I shut everything down for two months, and yet again, I was done. I was out of the game and I later began the job search for anything and everything outside of softball.
Then former FPN editor and Minnesota All-American, Sara Moulton, contacted me about this opening, her position she was moving on from, and the rest is history.
Fast forward again to present day – after everything, all the recent heart ache, pain, and complete loss of myself – here I was standing in the outfield, moving in and out of the crowd, snapping photographs of 2019 NCAA DI Champion UCLA’s on field celebration. Wow.
Wow. Wow. Wow.
How did this all happen?
I never, not in a million years, would have ever thought I’d be here. I still can’t fully wrap my head around how it all happened but I couldn’t be more excited and grateful for Fastpitch News, these opportunities, and all the people who have helped get me here.
For me, time and time again it seems that even when the “bad” rears its head, the good overpowers and the game as well as the people who make it so beautiful, are too important to step away from.

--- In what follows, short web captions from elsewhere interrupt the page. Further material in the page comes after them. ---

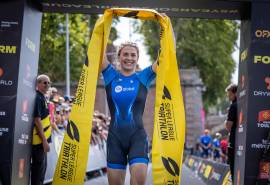 Kate Waugh wins first Super League race in Toulouse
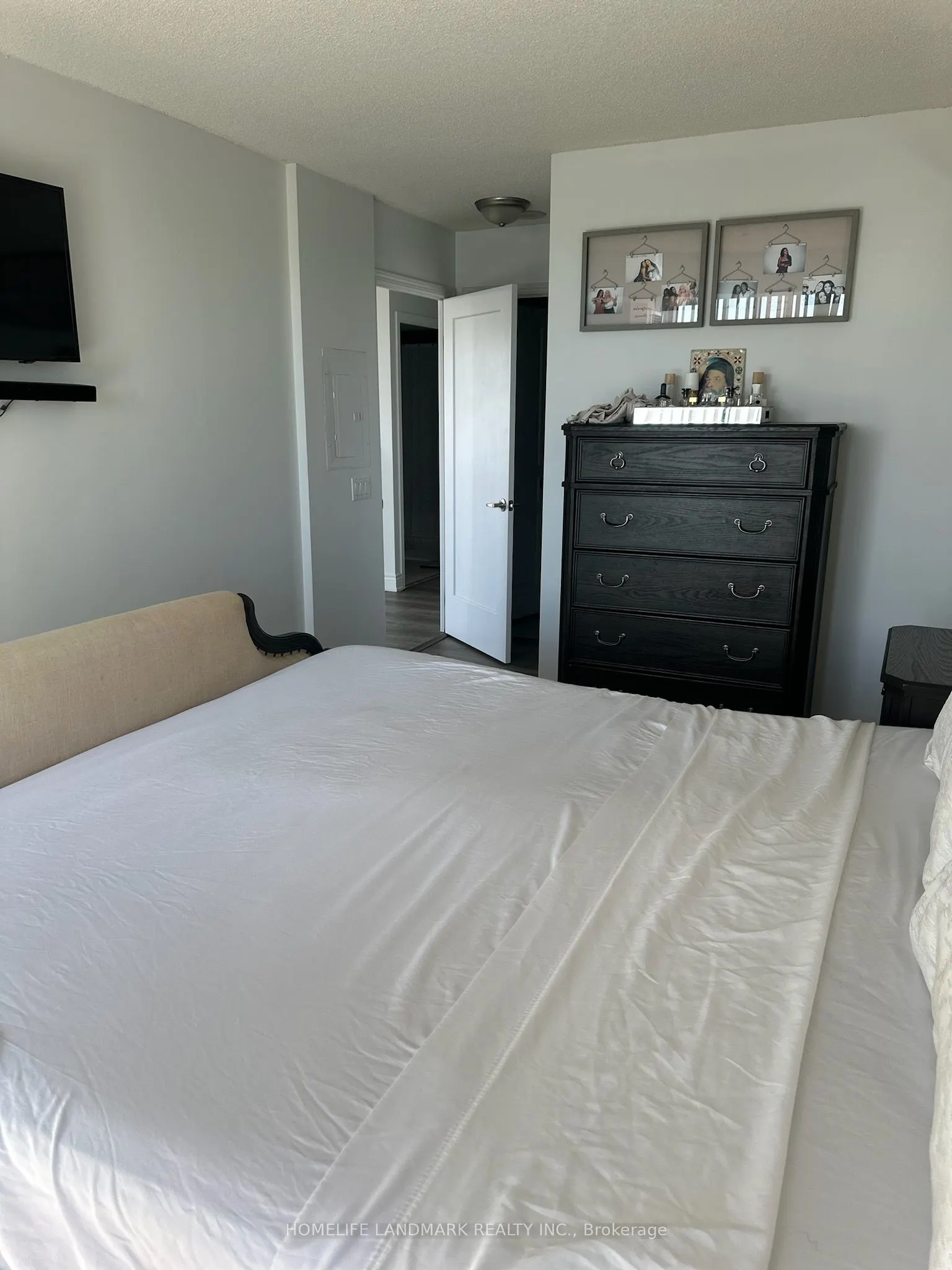 310 Red Maple Road W, #514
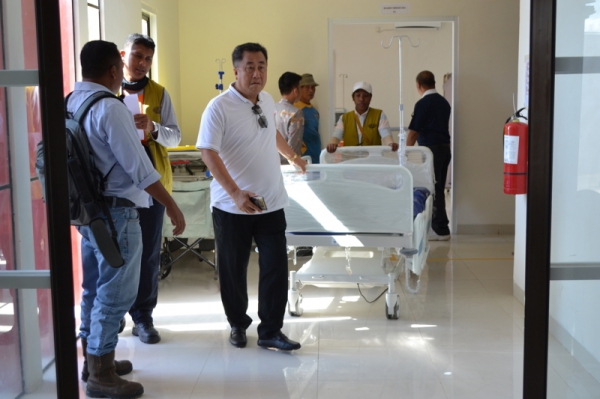 Setelah menentukan ruangan yang akan dipakai sebagai tempat operasi, relawan Tzu Chi Biak, Manokwari, dan Jakarta segera menata ruangan sesuai standar yang ditetapkan TIMA Indonesia.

As much as I still contemplate and try to balance the dueling thoughts and feelings I wrestle with I hold so much of hope for this game – for those who dedicate their lives to this game and operate in this space the “right” way; for the importance of its place in today’s world; and everything it brings to the table.
But there are a number of threats to it as well.
As good as we are, we can be better! This sport, and sports in general, can be so, so good! And they are important especially in the youth ranks. There’s so much good that comes from all of this.
This is what we need to elevate, this is what we need to push forward.
Transfer portals, message boards, rankings, individuals who may have questionable motives or methods, recruiting issues, gossip, the “salacious”, etc. are some of what threatens us and are things we can collectively control. Together we an work against the negative to elevate our amazing game to even higher heights!
We’ve seen how amazing our community is and can be. Most recently following the passing of Alex Wilcox and Gerry Ann Glassco as well as the devastation to Louisiana Tech. That is the energy and togetherness we need because at the end of the day all of this should be about the memories, friendships, and relationships made; personal growth and successes that serve athletes their entire life; the real world skills developed that help make this society better for everyone.
I’m sure I will get some laughs or backlash for the above but it’s the truth. At some point, softball ends. Even if you’re Jennie Finch, softball ends and the rest of your life awaits. What you take with you from your time as part of this sport and how you apply it in the world is ultimately the most important thing.
And I know it’s hard to always see it that way, especially when you’re in the thick of it and a variety of opportunities are in front of you, but there is so much more to all of this than just playing for the biggest names especially for the sake of perception. Don’t get me wrong, every athlete should strive to reach their top potential but often we see so many falling into a “grass is greener” type of thinking and this is dangerous and damaging to the entire sport. Not only that, it also doesn’t set people up well for life outside of their playing days. So please, balance everything, do what is best for you as a complete, whole, and intrinsic being. And for coaches, parents, etc. this goes for you too! You have to be the example and guide.
This is a strong personal goal of mine, to be apart of the elevation of the game and all it’s “good” and I don’t think there is a better day to reaffirm that than “World Softball Day”. While I am only one person and it can be tough, I hope I can cast a wide net in the coverage of softball because there is so much good and so many important things happening within our game from top to bottom; does not matter the “level” of play.
We need to continue pushing and embodying everything that make us great while still working to be better on the issues that threaten this beautiful, beautiful game.
I believe in us, wonderful softball community.